> **DATA**:

══════

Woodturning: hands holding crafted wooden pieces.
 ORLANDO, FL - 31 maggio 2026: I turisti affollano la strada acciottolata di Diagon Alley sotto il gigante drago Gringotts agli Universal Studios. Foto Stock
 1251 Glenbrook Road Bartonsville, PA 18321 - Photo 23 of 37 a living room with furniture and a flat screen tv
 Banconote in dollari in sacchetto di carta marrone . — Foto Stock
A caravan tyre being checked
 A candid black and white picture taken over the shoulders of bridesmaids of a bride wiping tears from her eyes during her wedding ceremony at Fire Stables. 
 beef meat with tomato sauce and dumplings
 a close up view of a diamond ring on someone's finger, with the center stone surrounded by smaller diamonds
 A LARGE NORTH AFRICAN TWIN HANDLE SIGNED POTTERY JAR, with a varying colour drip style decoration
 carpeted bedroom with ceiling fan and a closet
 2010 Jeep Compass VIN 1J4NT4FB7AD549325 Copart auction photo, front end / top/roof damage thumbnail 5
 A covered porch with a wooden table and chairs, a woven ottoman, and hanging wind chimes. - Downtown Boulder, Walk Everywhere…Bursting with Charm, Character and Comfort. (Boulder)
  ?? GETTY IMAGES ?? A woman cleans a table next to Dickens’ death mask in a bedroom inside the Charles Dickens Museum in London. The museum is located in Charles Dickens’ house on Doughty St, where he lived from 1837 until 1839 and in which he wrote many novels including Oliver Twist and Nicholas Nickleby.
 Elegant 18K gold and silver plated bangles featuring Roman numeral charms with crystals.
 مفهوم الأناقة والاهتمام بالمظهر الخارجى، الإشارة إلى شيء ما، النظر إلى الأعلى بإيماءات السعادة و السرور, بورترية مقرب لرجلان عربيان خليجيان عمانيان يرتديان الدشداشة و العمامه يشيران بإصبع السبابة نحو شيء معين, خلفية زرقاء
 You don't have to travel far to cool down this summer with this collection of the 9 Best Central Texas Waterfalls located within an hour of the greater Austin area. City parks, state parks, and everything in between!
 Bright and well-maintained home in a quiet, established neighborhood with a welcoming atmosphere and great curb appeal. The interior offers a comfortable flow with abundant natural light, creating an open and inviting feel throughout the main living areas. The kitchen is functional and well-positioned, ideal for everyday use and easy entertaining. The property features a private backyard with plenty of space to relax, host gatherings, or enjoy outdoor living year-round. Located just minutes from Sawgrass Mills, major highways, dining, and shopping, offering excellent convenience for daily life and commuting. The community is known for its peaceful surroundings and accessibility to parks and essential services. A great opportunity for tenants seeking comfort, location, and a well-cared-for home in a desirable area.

══════

> **DIRECTIONS**: Write all the entries again precisely as they were given.

> **RESPONSE**:
Woodturning: hands holding crafted wooden pieces.
 ORLANDO, FL - 31 maggio 2026: I turisti affollano la strada acciottolata di Diagon Alley sotto il gigante drago Gringotts agli Universal Studios. Foto Stock
 1251 Glenbrook Road Bartonsville, PA 18321 - Photo 23 of 37 a living room with furniture and a flat screen tv
 Banconote in dollari in sacchetto di carta marrone . — Foto Stock
A caravan tyre being checked
 A candid black and white picture taken over the shoulders of bridesmaids of a bride wiping tears from her eyes during her wedding ceremony at Fire Stables. 
 beef meat with tomato sauce and dumplings
 a close up view of a diamond ring on someone's finger, with the center stone surrounded by smaller diamonds
 A LARGE NORTH AFRICAN TWIN HANDLE SIGNED POTTERY JAR, with a varying colour drip style decoration
 carpeted bedroom with ceiling fan and a closet
 2010 Jeep Compass VIN 1J4NT4FB7AD549325 Copart auction photo, front end / top/roof damage thumbnail 5
 A covered porch with a wooden table and chairs, a woven ottoman, and hanging wind chimes. - Downtown Boulder, Walk Everywhere…Bursting with Charm, Character and Comfort. (Boulder)
  ?? GETTY IMAGES ?? A woman cleans a table next to Dickens’ death mask in a bedroom inside the Charles Dickens Museum in London. The museum is located in Charles Dickens’ house on Doughty St, where he lived from 1837 until 1839 and in which he wrote many novels including Oliver Twist and Nicholas Nickleby.
 Elegant 18K gold and silver plated bangles featuring Roman numeral charms with crystals.
 مفهوم الأناقة والاهتمام بالمظهر الخارجى، الإشارة إلى شيء ما، النظر إلى الأعلى بإيماءات السعادة و السرور, بورترية مقرب لرجلان عربيان خليجيان عمانيان يرتديان الدشداشة و العمامه يشيران بإصبع السبابة نحو شيء معين, خلفية زرقاء
 You don't have to travel far to cool down this summer with this collection of the 9 Best Central Texas Waterfalls located within an hour of the greater Austin area. City parks, state parks, and everything in between!
 Bright and well-maintained home in a quiet, established neighborhood with a welcoming atmosphere and great curb appeal. The interior offers a comfortable flow with abundant natural light, creating an open and inviting feel throughout the main living areas. The kitchen is functional and well-positioned, ideal for everyday use and easy entertaining. The property features a private backyard with plenty of space to relax, host gatherings, or enjoy outdoor living year-round. Located just minutes from Sawgrass Mills, major highways, dining, and shopping, offering excellent convenience for daily life and commuting. The community is known for its peaceful surroundings and accessibility to parks and essential services. A great opportunity for tenants seeking comfort, location, and a well-cared-for home in a desirable area.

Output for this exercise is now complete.